Database Design – Best Practices for Employee Information

database-design

I would like to ask if I'm doing this right since it's my first time creating a database model.

Basically what I'm trying do build is an Employee Information model where:

  • An employee can have multiple addresses but only one can be tagged as the permanent address
  • An employee can have multiple positions but only one can be tagged as the current position. Same for the employee department
    • The reason I choose one-to-many relationships on the position and department is to track its histories
  • An employee can have multiple dependents.

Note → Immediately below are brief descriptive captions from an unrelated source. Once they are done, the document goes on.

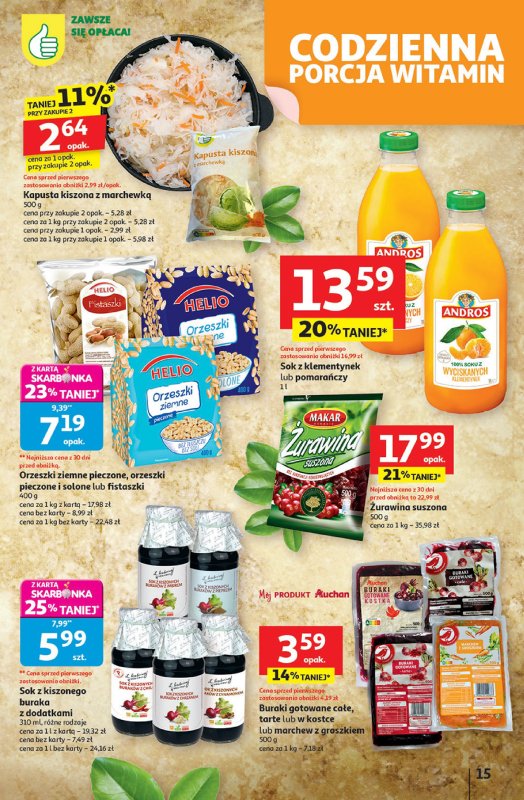 Auchan - gazetka promocyjna Pewność niskich cen Hipermarket od czwartku 18.09 do środy 24.09 - strona 15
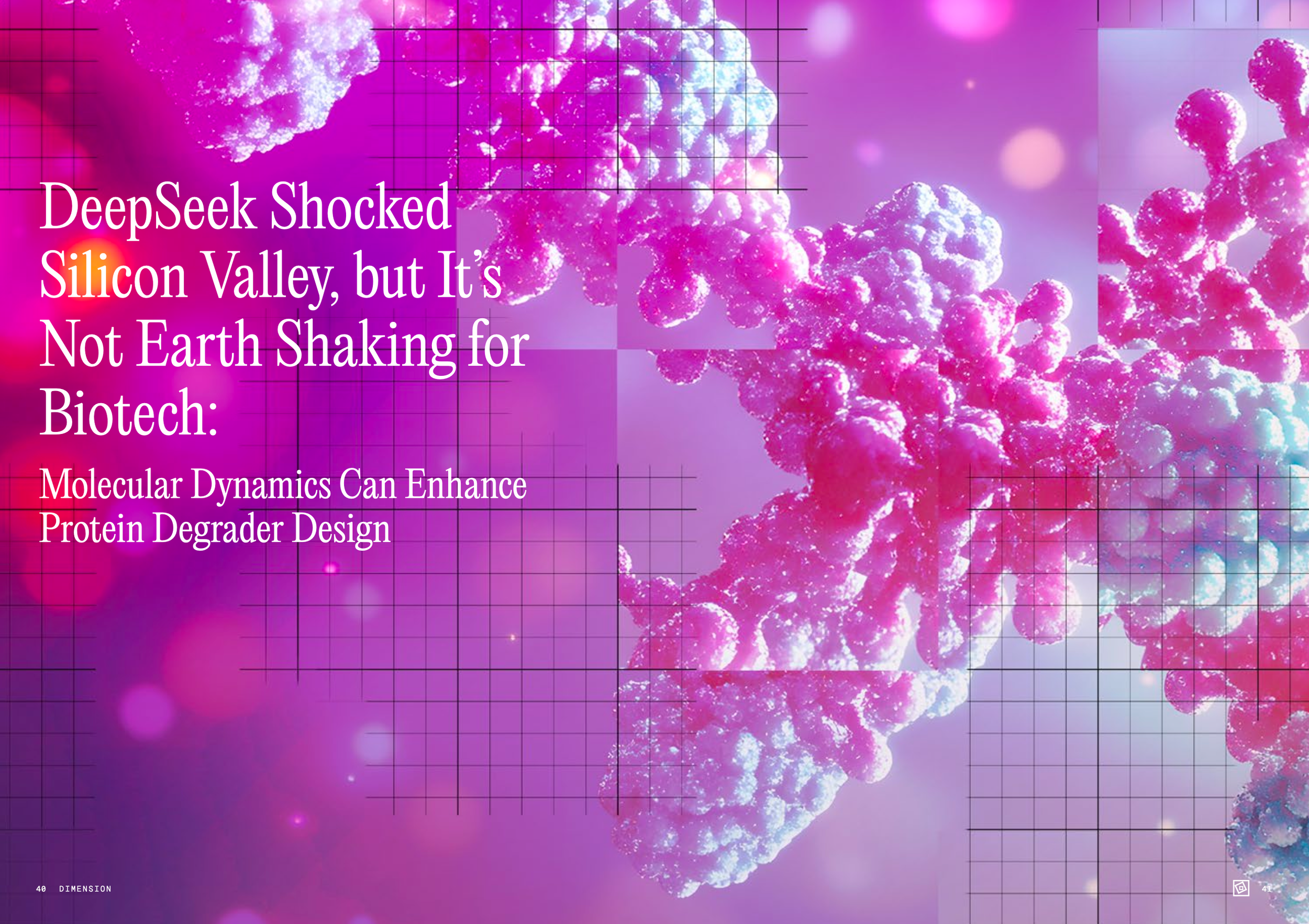 A digital illustration of a molecular structure with pink and purple hues, superimposed with grid lines and a grid pattern, accompanied by text about biotech and molecular dynamics.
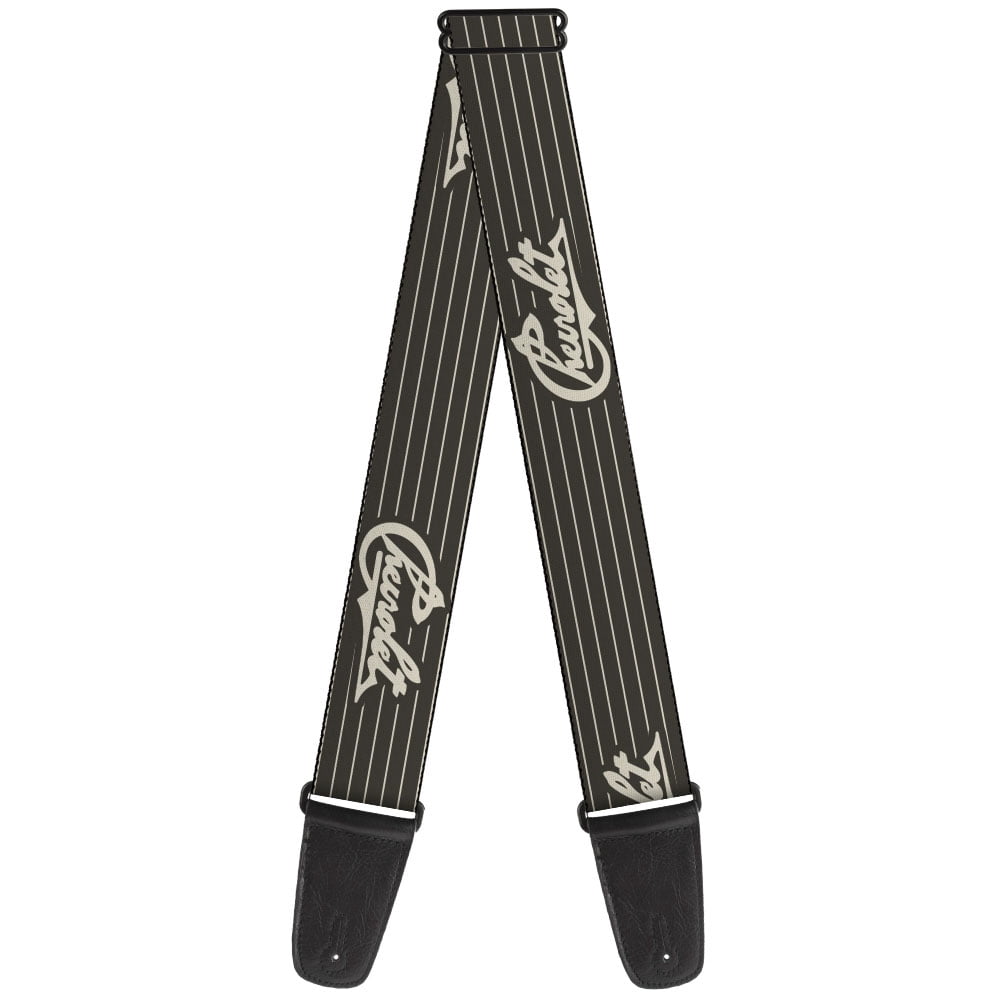 GM General Motors Guitar Strap, Chevrolet Heritage Script Stripe Charcoal Tan, 2 Inches Wide
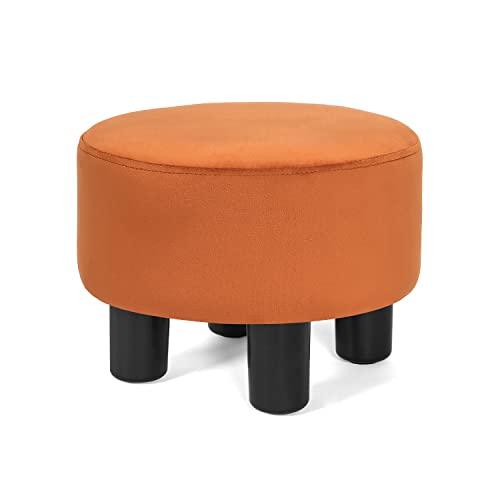 Joveco Small Foot Rest Stool Ottoman, Velvet Round Short Low Foostool for Chair, Under Office Desk,...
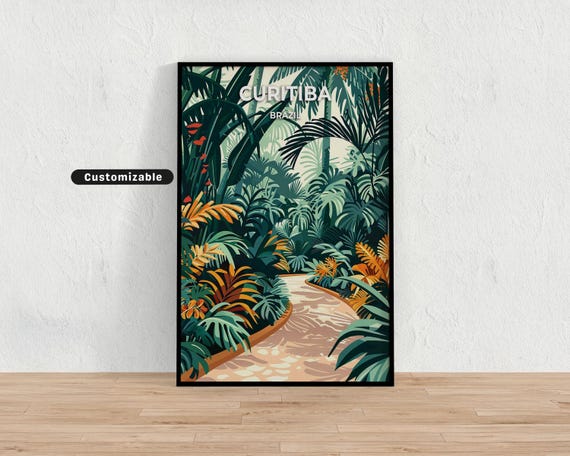 Curitiba Brazil Travel Poster Custom Wall Art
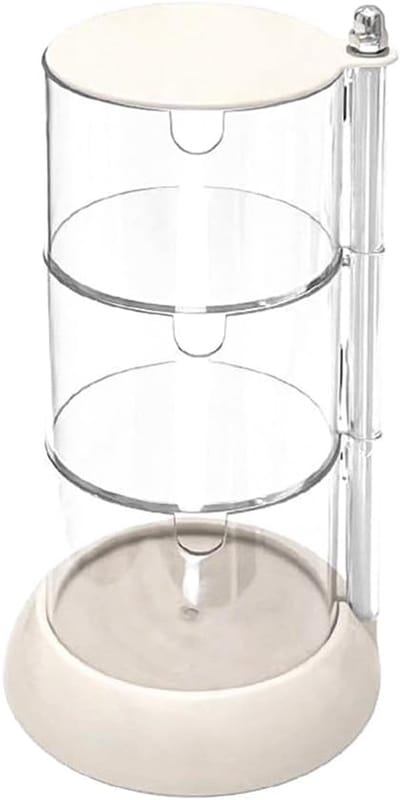 Sieradendoos, transparant, 3 lagen, make-upspons van katoen, opbergdoos voor haaraccessoires van acryl, draaibaar 360 graden, haarband, opbergdoos voor oorbellen in de badkamer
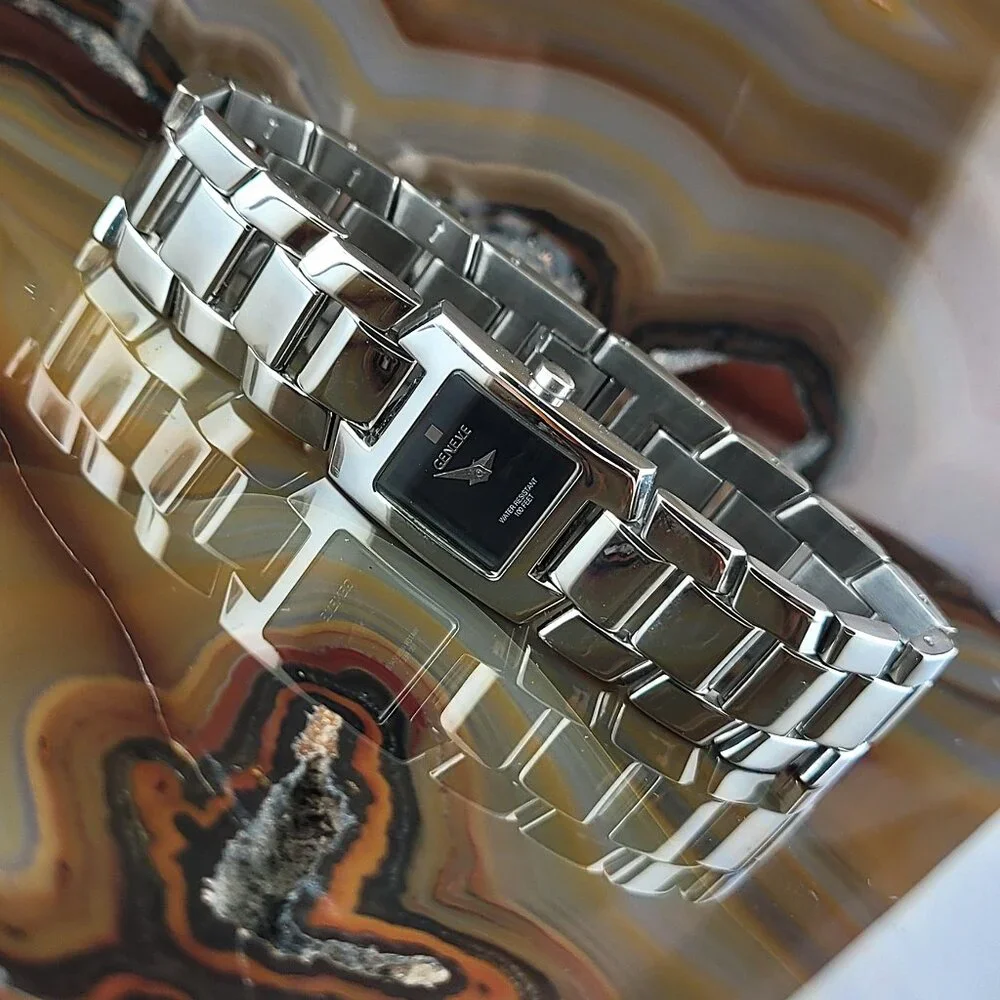 Womens Geneve Swiss Polished Steel Bracelet Watch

Here's an example of my initial schema

enter image description here

I would appreciate your feedback if I'm doing it right or if you can help me design it in a much better way.

Best Answer

The most common pattern for handling historical data in an OLTP schema is to have a current table and a separate history table. So any time an employee changes department, the employee_department table is updated, and a new row is inserted into the employee_department_history table.

You can also use a single table with begin/end dates. This example of this pattern in SQL Server's older AdventureWorks sample database. Which tracks both department and position (shift) in a single table:

CREATE TABLE [HumanResources].[EmployeeDepartmentHistory](
    [BusinessEntityID] [int] NOT NULL,
    [DepartmentID] [smallint] NOT NULL,
    [ShiftID] [tinyint] NOT NULL,
    [StartDate] [date] NOT NULL,
    [EndDate] [date] NULL,
    [ModifiedDate] [datetime] NOT NULL,
 CONSTRAINT [PK_EmployeeDepartmentHistory_BusinessEntityID_StartDate_DepartmentID] PRIMARY KEY CLUSTERED 
(
    [BusinessEntityID] ASC,
    [StartDate] ASC,
    [DepartmentID] ASC,
    [ShiftID] ASC
)WITH (PAD_INDEX = OFF, STATISTICS_NORECOMPUTE = OFF, IGNORE_DUP_KEY = OFF, ALLOW_ROW_LOCKS = ON, ALLOW_PAGE_LOCKS = ON, OPTIMIZE_FOR_SEQUENTIAL_KEY = OFF) ON [PRIMARY]
) ON [PRIMARY]

SQL Server eventually added a feature to implement the current/history pattern automatically called Temporal Tables, and the newer WideWorldImporters sample database uses those.